§ Aim of the task
Repeat the lines from the line with "this 474×714 image." to the line with "this 1024×683 image." in the listing below, keeping both end lines and adding nothing.

§ Material to process

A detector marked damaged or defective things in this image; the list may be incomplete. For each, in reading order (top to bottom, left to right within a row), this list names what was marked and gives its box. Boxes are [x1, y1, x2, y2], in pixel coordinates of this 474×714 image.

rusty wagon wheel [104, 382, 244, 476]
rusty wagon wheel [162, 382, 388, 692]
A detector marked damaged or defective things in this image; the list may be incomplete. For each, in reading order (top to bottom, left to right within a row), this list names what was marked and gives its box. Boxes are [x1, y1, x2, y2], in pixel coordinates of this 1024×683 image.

---

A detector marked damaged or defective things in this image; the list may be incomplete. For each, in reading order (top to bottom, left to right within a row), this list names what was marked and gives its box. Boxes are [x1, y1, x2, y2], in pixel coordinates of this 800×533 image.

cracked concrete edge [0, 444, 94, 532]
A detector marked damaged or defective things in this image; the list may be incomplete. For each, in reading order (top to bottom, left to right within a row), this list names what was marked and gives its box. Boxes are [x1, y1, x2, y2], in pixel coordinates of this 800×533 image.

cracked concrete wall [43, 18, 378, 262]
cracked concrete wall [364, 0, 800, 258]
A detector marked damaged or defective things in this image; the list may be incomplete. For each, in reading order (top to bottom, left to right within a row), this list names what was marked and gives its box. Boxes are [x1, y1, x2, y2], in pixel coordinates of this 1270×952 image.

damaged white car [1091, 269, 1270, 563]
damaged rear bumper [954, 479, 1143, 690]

§ Solution for this task
A detector marked damaged or defective things in this image; the list may be incomplete. For each, in reading order (top to bottom, left to right within a row), this list names what was marked and gives its box. Boxes are [x1, y1, x2, y2], in pixel coordinates of this 474×714 image.

rusty wagon wheel [104, 382, 244, 476]
rusty wagon wheel [162, 382, 388, 692]
A detector marked damaged or defective things in this image; the list may be incomplete. For each, in reading order (top to bottom, left to right within a row), this list names what was marked and gives its box. Boxes are [x1, y1, x2, y2], in pixel coordinates of this 1024×683 image.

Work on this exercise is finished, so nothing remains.